Within the records that follow, restate exactly the lines from the line with "Condominio en alquiler" down to the line with "Image 15/35 de", including both. Omit the pictures.

_Provided data_:
/---
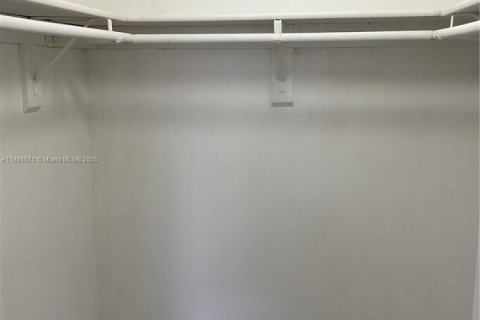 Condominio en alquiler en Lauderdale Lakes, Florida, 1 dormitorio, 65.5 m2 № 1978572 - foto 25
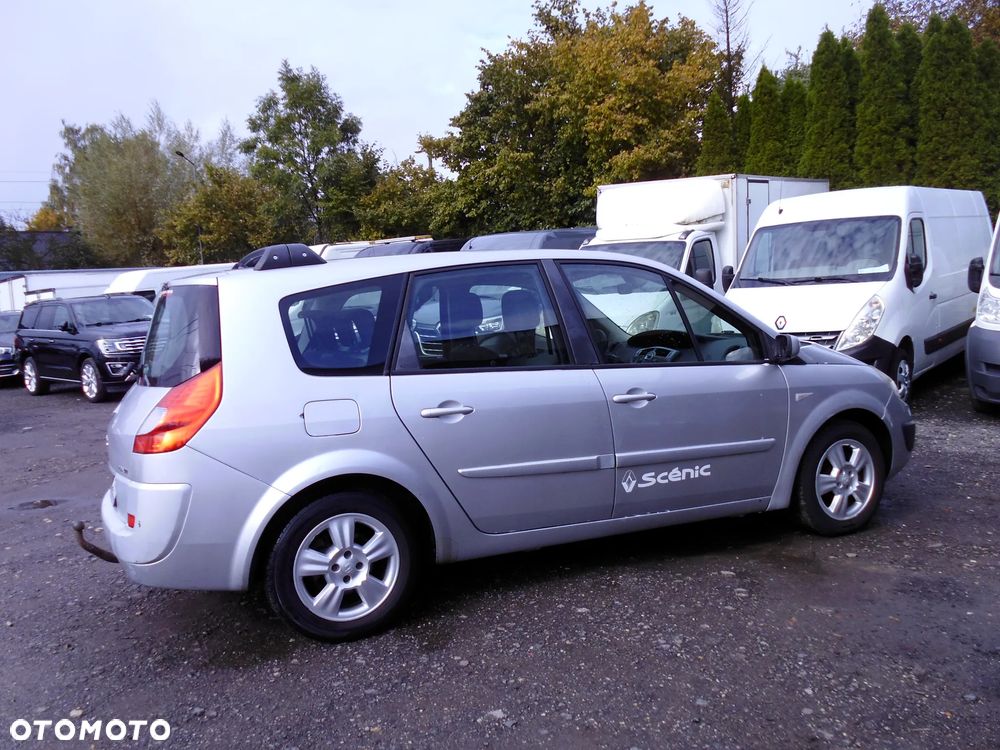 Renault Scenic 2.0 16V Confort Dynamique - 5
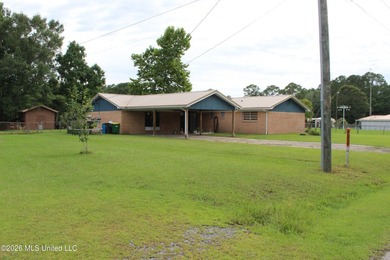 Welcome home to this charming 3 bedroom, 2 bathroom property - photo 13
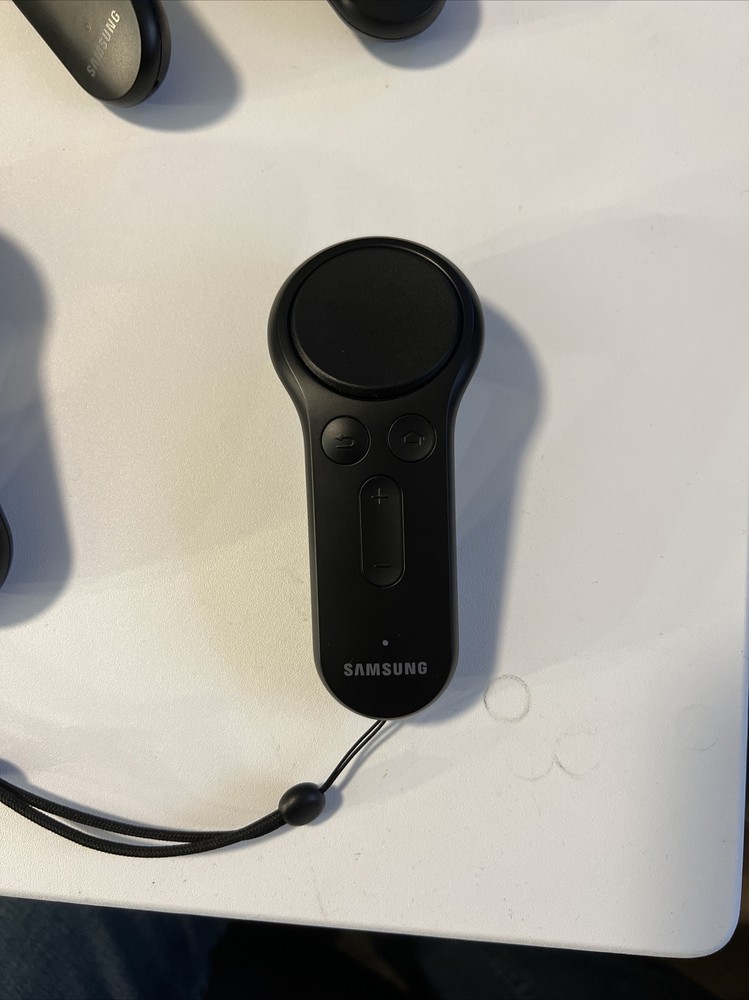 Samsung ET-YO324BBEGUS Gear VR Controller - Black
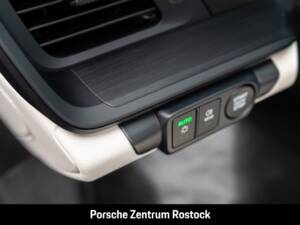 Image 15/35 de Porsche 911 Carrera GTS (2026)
\---
/---
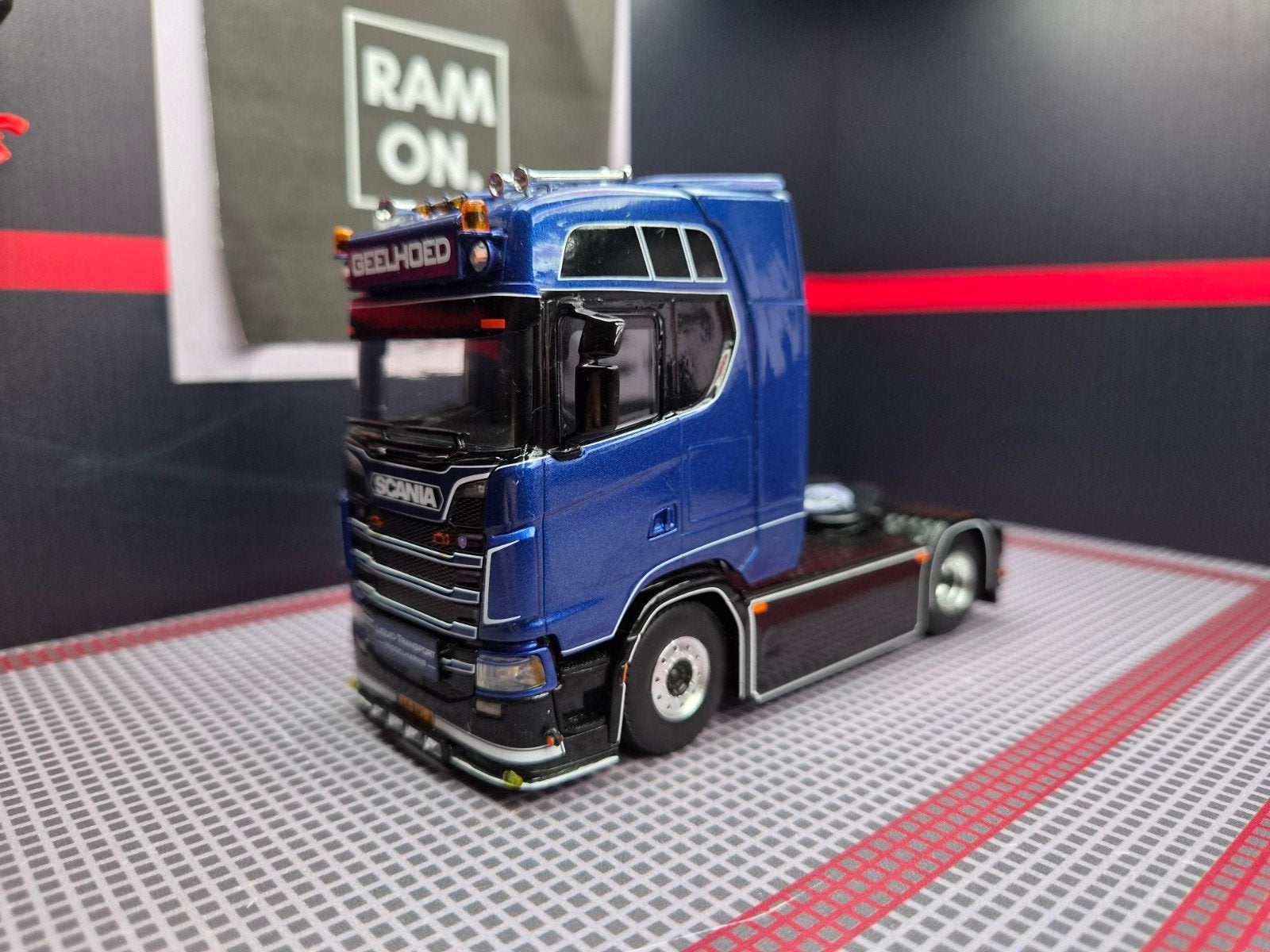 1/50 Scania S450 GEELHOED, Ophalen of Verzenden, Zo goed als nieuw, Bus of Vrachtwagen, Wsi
\---
_Result_:
 Condominio en alquiler en Lauderdale Lakes, Florida, 1 dormitorio, 65.5 m2 № 1978572 - foto 25
 Renault Scenic 2.0 16V Confort Dynamique - 5
 Welcome home to this charming 3 bedroom, 2 bathroom property - photo 13
 Samsung ET-YO324BBEGUS Gear VR Controller - Black
 Image 15/35 de Porsche 911 Carrera GTS (2026)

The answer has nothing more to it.